Выбрать главу
_____

Стоим на перроне в Комарове. Я говорю:

— Здорово все-таки у него:

Один удой                 давай сюдой (жест на себя), Другой удой —                        тудой! (жест налево).

Моя спутница (давний специалист по Маяковскому):

— Да, верно, здорово!.. (Погодя.) Я забыла, в каком это стихотворении?
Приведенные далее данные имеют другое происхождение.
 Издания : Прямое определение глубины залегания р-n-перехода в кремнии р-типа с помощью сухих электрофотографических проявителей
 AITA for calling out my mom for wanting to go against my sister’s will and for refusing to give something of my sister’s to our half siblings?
— Ну как же! «Марш работников молочных совхозов».

— Ах да, конечно!

— Раечка, это я сейчас придумал…

_____

— Мой папа… папочка… — с чувством говорит глубокий старик.

_____

— Боюсь!

— Почему? Ведь это тебя все боятся.

— Боюсь, что перестанут бояться…

_____

Помню в детстве на Котельническом вокзале молодую пару. Сидят, молча обнявшись, на станционной скамье под ясенями, он накрыл полой шинели ноги своей подруги: осень, зябко, моросит дождь. На какую войну она его провожала — не помню. Наверное, на гражданскую, потому что он в старой шинели, значит, уже побывал на германской, и окружение соответствующее, и восприятие мое уже не младенческое — смог проникнуться настроением этой разлуки.

_____

С 1928 года, со времен консультации в журнале «Резец», помню фразу одного молодого автора: «Он держал ее крепкие, маленькие, как шестидесятикопеечные черные арабские мячики, груди и говорил с ней хорошо, хорошо, по-товарищески».
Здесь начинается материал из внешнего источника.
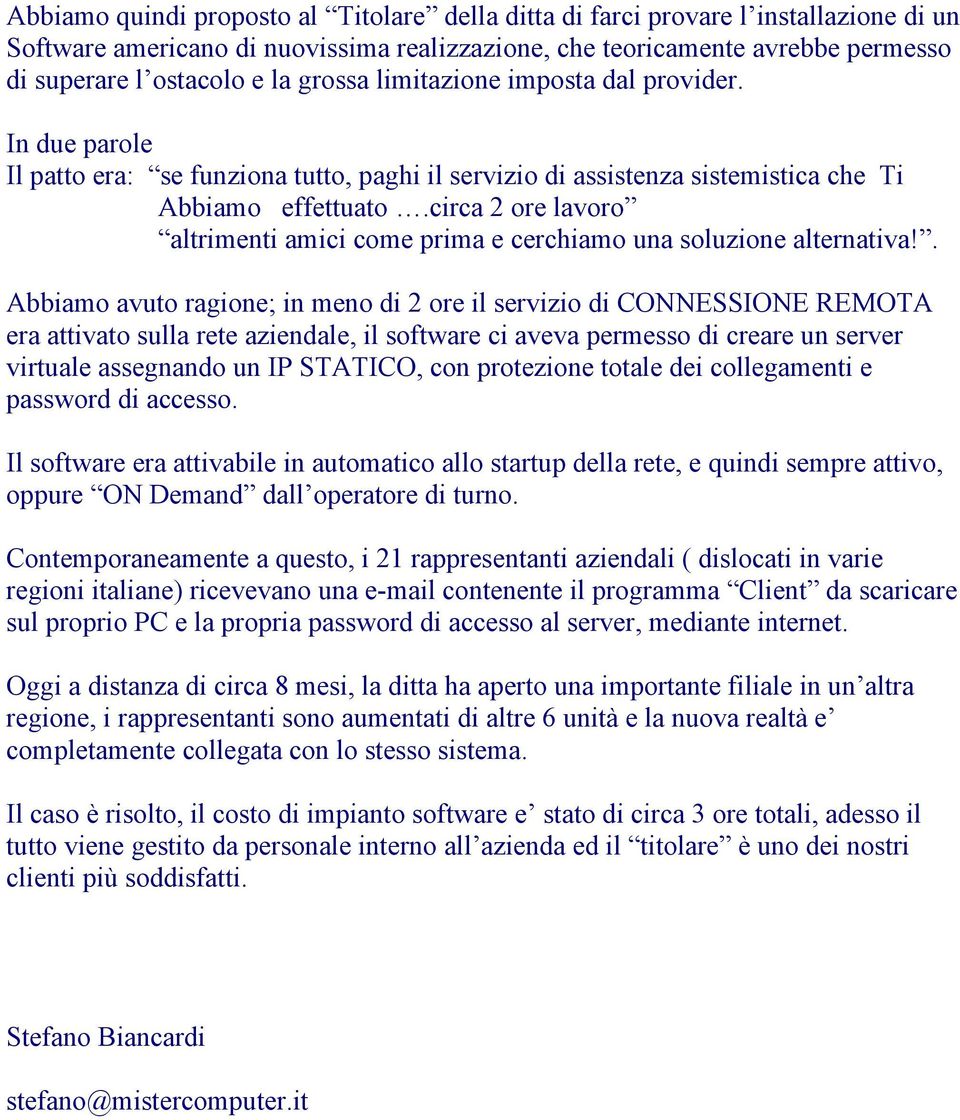 circa 2 ore lavoro altrimenti amici come prima e cerchiamo una soluzione alternativa!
Сейчас можно добавить одно: таких дешевых и прочных мячиков я давно не встречал в продаже.

Сюжет для пьесы (Комедия? Фарс?)

В провинциальном вузе, где-нибудь в Перми, работает молодая женщина, молодой научный работник. Зовут ее, скажем, Т. Время от времени сюда приезжает из Москвы известный профессор Б. У Т. роман с Б., ее научным руководителем. Она полностью под его влиянием и страстно в него влюблена. Он действительно умный, талантливый, интересный, хотя и далеко не молодой человек. Диссертация, которую Т. пишет, навеяна также его идеями. Впрочем, у нее есть основание усомниться в том, правильно ли она выбрала себе путь в науке, — тема ее диссертации кажется ей сейчас уже не такой безупречной и оригинальной, а порой и вовсе незначительной.
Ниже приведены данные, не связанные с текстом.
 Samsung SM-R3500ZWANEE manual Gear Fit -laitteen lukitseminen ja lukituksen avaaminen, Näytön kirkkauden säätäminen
Т. знает, что у Б. в Москве есть семья — пожилая жена, которую он не любит, и взрослые дети, и Т., по существу, ни на что не претендует, как только быть его молодой подругой. Но обстоятельства складываются так, что в этом периферийном городе состоялась научная конференция, симпозиум, как любят теперь говорить. На этот симпозиум приезжают научные силы из других городов, в том числе, конечно, и из Москвы. И тут вдруг оказывается, что у Б. чуть ли не в каждом университетском городе по такой подруге — одна постарше, другая совсем юная… Более того, у нескольких из них — похожие темы для диссертации, над которыми они усердно работают, благодаря своему вдохновителю и опекуну. И у каждой подруги хранится дорогое ей сердцу письмо от Б., где тот пишет (вдохновенно и пылко), что адресат — это единственный в мире близкий и дорогой ему человек, что если бы не она (имярек), то он бы вообще не знал счастья…

«Подруги» сходятся и «зачитывают» вслух эти поразительные документы. В довершение всего оказалось, что настоящей семьи — с нелюбимой немолодой женой и взрослыми детьми, из чувства долга перед которыми Б. не мог уйти, бросить эту семью, — нет и в помине. Эта выдуманная семья служила лишь ширмой, чтобы не жениться на «подругах». Ясно?

Это не драма, скорее наоборот, — поэтому «подруги» со злорадным удовольствием учиняют «суд и расправу» над Б., своеобразный розыгрыш, сочинив и проведя в жизнь сложную издевательскую процедуру, цель которой — обличение смехом, несмотря на высокий авторитет этого ученого селадона. Это и будет второй (а возможно, и основной) акт этой двухактной пьесы.

(1960, Котельнич)

_____

В своем «Путешествии в Армению» О. Мандельштам назвал Матисса «художником богачей», которым «незнакома радость наливающихся плодов». Тут двойная ошибка: и Матисс не был художником богачей, и богачи могут чувствовать «радость наливающихся плодов». А почему нет? Вообще в прозе и публицистике своей Мандельштам иногда несправедлив и очень пристрастен. Правда, порой отступал от прежней неприязни, — например, к Дарвину, — и как-то представил себе, что Дарвин и Диккенс сидят за одним столом и беседуют, уж они-то нашли бы общий язык. Разумеется, с ними сидел бы и Пиквик… В этой доброй фантазии есть что-то честертоновское!